Adaptation issues were at the forefront of the paris agreement. Collective long-term adaptation objectives are included in the agreement and countries must be accountable for their adaptation measures, making adaptation a parallel element of the mitigation agreement.  Adaptation objectives focus on improving adaptive capacity, resilience and vulnerability limitation.  Under the Paris Agreement, each country must define, plan and report regularly on its contribution to warming mitigation.  There is no mechanism for a country to set an emission target for a specified date, but any target should go beyond the previous targets. The United States formally withdrew from the agreement the day after the 2020 presidential election, although President-elect Joe Biden said America would return to the agreement after his inauguration.  However, this would not be “true” OMGE, as defined by the NewClimate Institute and others, since the additional 20 tonnes of emissions would still be charged to the NDC of the country of origin, unlike the NDC of the country to which the loans were sold. This goes against automatic cancellation, where no country can count credits in its NDC. Others exclude using these credits, while others propose using them to go further and achieve more ambitious goals.

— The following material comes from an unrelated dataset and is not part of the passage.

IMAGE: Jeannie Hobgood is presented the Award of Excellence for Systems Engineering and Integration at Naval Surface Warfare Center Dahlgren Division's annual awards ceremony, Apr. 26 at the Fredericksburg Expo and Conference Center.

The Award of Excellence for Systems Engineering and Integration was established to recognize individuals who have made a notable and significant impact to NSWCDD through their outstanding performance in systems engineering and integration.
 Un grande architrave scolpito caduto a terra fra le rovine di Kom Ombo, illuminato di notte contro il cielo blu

This reduction means that emissions and red lines can be exchanged for each other, while negotiators seek to reach agreement on the article 6 regulatory framework. There may also be attempts to link these discussions to other COP political priorities, further complicating matters. If an agreement is reached at the UN summit, the strength of the rules it has established will be very important. However, given that negotiations are close to the deadline of 13 December, an agreement is far from certain. This means that coal markets would generate a flow of financing for developing countries and help finance their climate change preparedness efforts. It is understandable that this was a key issue for small islands and other vulnerable nations, in addition to the achievement of OMGE. At best, proponents argue that Article 6 could provide countries and businesses with the opportunity to work together to reduce CO2 emissions faster than expected. However, there is also concern that Article 6, far from improving the Paris objectives, could jeopardize the whole process.
Institutional asset owners` associations and think-tanks also observed that the stated objectives of the Paris Agreement were implicitly based on the assumption that UN member states, including major polluters such as China, the United States, India, Russia, Japan, Germany, South Korea, Iran, Saudi Arabia, Canada, Indonesia and Mexico , which produce more than half of the world`s greenhouse gas emissions, produce more than half of the world`s greenhouse gas emissions. , willfully and stubbornly reduce their carbon pollution without a binding mechanism to control CO2 emissions at all levels from one plant to another and without specific penalties or tax pressure (. B, for example, a CO2 tax), to avoid misbehaviour.  However, emissions taxes (for example. B a CO2 tax) can be integrated into the country`s NDCs. The main international co2 market system that exists today was established under the 1997 United Nations Kyoto Protocol on Climate Change.